Necronautical are an English black metal band from North-West England, consisting of Naut (Russell Dobson, lead vocals, guitar), Carcarrion (guitar, backing vocals), Anchorite (bass, backing vocals, clean vocals), and Slugh (drums). Necronautical have been described as possessing a "distinctive amalgam of extreme, melodic, aggressive sounds and exploratory concepts."

== History and approach ==
Necronautical were formed in the North-West of England by the three original members - Naut (Russ Dobson), Carcarrion (James Goodwin), and Anchorite (Matt McGing). Naut and Anchorite met in high-school, and Carcarrion met the other two at sixth-form college. The three have been playing in the band together since 2010.

Necronautical's style draws heavily upon the themes of death, history, philosophy and mythology. The band draws influence from the exploration of death, a theme from which they derive their name and visualises different landscapes through their music. In the early years, the band was experimental, with Naut explaining "when we started we were trying to integrate other styles and riffs as well, some thrash, death, Viking, or folky kind of stuff but I think the black metal style was always dominant with us."

Musically, Naut and Carcarrion typically take the lead on writing the band's music, with Anchorite providing lyrics and concepts. Explaining the band's creative process in an interview with RocknReel Reviews in June 2016, Anchorite shed light on the band's creative processes: "The music is mostly written by Naut and Carcarrion, they have writing sessions together where they share riffs and add to each other’s ideas and start to craft the bones of a song.
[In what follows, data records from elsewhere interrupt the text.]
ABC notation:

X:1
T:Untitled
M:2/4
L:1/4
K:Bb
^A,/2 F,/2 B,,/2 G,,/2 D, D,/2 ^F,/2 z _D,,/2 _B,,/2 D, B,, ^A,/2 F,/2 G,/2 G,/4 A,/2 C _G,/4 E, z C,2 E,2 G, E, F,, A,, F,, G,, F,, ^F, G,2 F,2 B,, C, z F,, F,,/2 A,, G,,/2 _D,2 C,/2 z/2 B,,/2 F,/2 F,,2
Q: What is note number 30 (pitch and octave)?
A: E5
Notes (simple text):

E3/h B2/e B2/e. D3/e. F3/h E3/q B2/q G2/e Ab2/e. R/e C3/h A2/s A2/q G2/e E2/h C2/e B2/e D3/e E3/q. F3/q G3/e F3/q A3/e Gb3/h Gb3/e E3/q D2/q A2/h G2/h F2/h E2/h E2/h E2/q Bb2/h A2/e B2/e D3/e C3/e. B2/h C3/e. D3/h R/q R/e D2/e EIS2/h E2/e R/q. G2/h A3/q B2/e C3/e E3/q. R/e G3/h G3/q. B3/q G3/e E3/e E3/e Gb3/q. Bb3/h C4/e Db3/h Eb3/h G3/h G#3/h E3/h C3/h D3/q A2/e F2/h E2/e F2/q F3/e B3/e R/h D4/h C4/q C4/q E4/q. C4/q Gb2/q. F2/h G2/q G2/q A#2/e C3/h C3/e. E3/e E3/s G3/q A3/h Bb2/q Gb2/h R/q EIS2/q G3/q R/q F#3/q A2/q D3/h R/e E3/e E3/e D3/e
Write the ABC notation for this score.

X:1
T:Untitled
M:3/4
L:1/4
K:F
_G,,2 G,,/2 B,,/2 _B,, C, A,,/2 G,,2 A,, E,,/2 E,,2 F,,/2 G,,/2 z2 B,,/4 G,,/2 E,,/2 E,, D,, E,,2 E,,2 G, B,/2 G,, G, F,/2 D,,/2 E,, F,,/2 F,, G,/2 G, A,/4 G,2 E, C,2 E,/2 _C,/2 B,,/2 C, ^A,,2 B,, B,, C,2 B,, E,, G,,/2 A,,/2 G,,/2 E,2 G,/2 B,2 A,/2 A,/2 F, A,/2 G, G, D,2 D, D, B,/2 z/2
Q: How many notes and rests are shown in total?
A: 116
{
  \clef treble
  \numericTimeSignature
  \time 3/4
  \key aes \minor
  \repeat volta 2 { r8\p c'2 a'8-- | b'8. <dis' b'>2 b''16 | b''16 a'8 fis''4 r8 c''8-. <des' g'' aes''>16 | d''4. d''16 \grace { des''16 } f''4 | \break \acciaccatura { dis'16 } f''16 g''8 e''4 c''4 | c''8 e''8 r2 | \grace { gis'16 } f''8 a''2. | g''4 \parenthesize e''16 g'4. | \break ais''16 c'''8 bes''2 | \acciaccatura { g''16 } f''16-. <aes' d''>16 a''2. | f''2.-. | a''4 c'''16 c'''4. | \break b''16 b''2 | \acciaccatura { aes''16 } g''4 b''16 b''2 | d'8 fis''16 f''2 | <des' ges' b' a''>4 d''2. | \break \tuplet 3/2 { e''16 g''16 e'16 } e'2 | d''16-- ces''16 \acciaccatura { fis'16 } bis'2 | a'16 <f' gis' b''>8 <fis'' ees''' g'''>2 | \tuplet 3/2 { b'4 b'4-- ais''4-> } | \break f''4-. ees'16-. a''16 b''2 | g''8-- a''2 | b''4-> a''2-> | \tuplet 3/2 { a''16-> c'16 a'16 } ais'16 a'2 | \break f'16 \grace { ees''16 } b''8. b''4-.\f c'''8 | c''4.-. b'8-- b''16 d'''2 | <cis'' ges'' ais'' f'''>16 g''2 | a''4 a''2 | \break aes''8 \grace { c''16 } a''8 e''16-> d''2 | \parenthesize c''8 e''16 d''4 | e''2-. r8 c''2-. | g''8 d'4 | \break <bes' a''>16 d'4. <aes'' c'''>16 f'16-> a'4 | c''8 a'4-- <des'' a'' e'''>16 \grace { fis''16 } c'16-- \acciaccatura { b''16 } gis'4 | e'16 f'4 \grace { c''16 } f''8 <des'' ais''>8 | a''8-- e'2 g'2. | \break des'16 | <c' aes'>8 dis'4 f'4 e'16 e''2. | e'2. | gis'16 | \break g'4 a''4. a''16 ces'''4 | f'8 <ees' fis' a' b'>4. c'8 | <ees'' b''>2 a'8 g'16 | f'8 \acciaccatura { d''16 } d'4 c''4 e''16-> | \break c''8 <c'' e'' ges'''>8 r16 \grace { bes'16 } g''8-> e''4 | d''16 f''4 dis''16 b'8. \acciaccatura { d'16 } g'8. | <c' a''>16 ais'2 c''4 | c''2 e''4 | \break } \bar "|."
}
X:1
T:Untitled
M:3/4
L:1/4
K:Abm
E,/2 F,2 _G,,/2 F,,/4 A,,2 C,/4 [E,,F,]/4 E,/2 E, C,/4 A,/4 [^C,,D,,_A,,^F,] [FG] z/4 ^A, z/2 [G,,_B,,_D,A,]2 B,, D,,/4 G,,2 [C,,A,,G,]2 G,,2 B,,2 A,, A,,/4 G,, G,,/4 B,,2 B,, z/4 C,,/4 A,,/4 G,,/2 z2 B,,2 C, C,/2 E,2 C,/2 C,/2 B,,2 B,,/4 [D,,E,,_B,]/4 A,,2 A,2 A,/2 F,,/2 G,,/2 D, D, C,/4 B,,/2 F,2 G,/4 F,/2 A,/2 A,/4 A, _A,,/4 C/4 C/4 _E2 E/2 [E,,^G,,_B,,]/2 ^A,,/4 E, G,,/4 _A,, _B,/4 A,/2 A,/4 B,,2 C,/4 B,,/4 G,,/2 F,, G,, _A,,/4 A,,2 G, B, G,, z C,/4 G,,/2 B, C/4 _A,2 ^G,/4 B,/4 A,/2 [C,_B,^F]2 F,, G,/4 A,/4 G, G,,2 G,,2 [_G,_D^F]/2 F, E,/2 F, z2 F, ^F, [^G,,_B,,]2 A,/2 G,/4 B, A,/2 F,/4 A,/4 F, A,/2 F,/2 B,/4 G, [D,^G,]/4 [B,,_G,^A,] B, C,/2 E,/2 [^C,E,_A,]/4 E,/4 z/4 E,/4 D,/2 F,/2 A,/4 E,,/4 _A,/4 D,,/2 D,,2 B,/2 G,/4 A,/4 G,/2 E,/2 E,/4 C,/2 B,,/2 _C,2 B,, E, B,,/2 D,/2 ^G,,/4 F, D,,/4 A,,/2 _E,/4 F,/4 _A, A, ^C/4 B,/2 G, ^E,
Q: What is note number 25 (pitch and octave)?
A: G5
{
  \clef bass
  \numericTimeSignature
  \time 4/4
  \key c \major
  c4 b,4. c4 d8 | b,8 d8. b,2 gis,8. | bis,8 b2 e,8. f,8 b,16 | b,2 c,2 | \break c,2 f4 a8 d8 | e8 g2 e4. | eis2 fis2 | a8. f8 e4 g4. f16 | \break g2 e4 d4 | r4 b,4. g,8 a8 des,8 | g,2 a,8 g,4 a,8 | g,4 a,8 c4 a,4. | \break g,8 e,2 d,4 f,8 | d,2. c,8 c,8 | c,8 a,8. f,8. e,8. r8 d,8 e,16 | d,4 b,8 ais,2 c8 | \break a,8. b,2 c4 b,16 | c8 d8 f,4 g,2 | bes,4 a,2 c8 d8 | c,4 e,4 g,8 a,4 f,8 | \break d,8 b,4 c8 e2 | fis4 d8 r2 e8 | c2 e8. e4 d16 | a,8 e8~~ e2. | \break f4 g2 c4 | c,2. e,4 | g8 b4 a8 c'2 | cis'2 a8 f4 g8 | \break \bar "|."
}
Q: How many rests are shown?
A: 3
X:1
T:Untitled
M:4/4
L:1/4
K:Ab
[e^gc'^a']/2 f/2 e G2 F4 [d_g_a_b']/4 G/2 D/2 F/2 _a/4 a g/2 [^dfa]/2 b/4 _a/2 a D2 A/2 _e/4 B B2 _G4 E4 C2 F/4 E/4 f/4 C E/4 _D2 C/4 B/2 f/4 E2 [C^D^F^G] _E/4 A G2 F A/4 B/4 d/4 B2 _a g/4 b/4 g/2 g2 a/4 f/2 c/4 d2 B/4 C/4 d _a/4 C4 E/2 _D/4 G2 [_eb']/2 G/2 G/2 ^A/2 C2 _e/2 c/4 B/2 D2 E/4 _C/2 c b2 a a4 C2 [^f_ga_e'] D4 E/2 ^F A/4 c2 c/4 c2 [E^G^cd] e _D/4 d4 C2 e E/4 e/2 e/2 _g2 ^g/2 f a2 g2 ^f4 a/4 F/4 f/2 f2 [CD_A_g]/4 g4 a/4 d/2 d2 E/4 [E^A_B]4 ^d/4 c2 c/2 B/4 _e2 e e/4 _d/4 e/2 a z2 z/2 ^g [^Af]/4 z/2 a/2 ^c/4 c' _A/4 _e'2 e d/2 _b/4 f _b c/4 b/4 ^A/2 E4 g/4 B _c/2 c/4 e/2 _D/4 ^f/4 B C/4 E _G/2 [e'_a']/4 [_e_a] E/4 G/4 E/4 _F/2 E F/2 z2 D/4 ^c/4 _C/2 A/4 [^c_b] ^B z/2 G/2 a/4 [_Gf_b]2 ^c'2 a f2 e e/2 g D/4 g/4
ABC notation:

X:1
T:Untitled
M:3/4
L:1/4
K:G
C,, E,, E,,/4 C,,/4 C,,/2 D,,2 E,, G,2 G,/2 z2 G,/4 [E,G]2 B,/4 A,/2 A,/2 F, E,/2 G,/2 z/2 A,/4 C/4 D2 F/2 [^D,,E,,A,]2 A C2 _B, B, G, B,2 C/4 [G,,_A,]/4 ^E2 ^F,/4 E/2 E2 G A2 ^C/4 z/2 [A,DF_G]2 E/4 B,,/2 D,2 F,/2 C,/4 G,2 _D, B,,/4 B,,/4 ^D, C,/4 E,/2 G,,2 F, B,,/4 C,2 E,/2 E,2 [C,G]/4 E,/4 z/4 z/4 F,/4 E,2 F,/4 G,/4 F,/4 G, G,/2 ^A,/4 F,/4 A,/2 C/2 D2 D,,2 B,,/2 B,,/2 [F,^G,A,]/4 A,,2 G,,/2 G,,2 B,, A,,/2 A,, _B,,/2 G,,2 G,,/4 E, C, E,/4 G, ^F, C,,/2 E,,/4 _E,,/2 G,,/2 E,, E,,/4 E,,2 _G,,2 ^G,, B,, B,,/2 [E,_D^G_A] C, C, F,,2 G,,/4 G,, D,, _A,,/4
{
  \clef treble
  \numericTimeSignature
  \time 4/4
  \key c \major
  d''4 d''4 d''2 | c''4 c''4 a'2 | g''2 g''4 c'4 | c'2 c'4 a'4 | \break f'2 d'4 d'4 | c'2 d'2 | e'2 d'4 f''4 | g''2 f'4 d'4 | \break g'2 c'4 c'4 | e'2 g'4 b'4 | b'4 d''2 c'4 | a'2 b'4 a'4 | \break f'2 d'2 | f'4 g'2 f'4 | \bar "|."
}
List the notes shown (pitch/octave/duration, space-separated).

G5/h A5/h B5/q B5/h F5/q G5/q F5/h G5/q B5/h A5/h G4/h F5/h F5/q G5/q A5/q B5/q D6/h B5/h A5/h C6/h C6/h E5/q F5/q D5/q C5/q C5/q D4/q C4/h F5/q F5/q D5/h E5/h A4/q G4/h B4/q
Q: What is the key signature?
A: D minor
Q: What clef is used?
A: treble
Once we have a few ideas we get together and figure out what works in terms of arrangement and revision based on the emerging feel of the song, it’s always the feel that is most central and influences the lyrics and vocals."

Additionally, the band typically plays a heavy role in the production of their own music, and have recorded and mixed both of their albums themselves, drawing upon Ritual Sound's Samuel Turbitt for assistance with the finishing touches of The Endurance at Night. The band's third album was recorded by the Naut, excluding the drums which were recorded by Chris Fielding at Skyhammer Studio, who also mixed and mastered the album in December 2018.

After releasing their first work unsigned, Necronautical were signed up by the resurrected Cacophonous Records label in 2016. The three founding members were joined by drummer Slugh (Rob Harris) for their sophomore album in 2016.

Following from the release of The Endurance at Night (2016), the band made their live debut opening for Dark Funeral at the Camden Underworld and would go on to tour extensively around the UK and Europe. Necronautical joined Winterfylleth on their 10 date anniversary tour in 2017, as well as appearing at Inferno Metal Festival in 2018.

Necronautical signed with Candlelight Records in 2019, and released their third album Apotheosis on 30 August 2019. The album was mixed and mastered by producer Chris Feilding, and featured cover artwork by David Thiérrée.

The album's music and lyrical content was in part inspired by the writings and philosophies of Friedrich Nietzsche and Chuck Palahniuk.

The release was preceded by the single "Nihil Sub Sole Novum", released on 13 June 2019, and was accompanied by a music video. The band said of the single: “We feel that this song acts as a perfect microcosm for the direction of the album and of Necronautical itself.”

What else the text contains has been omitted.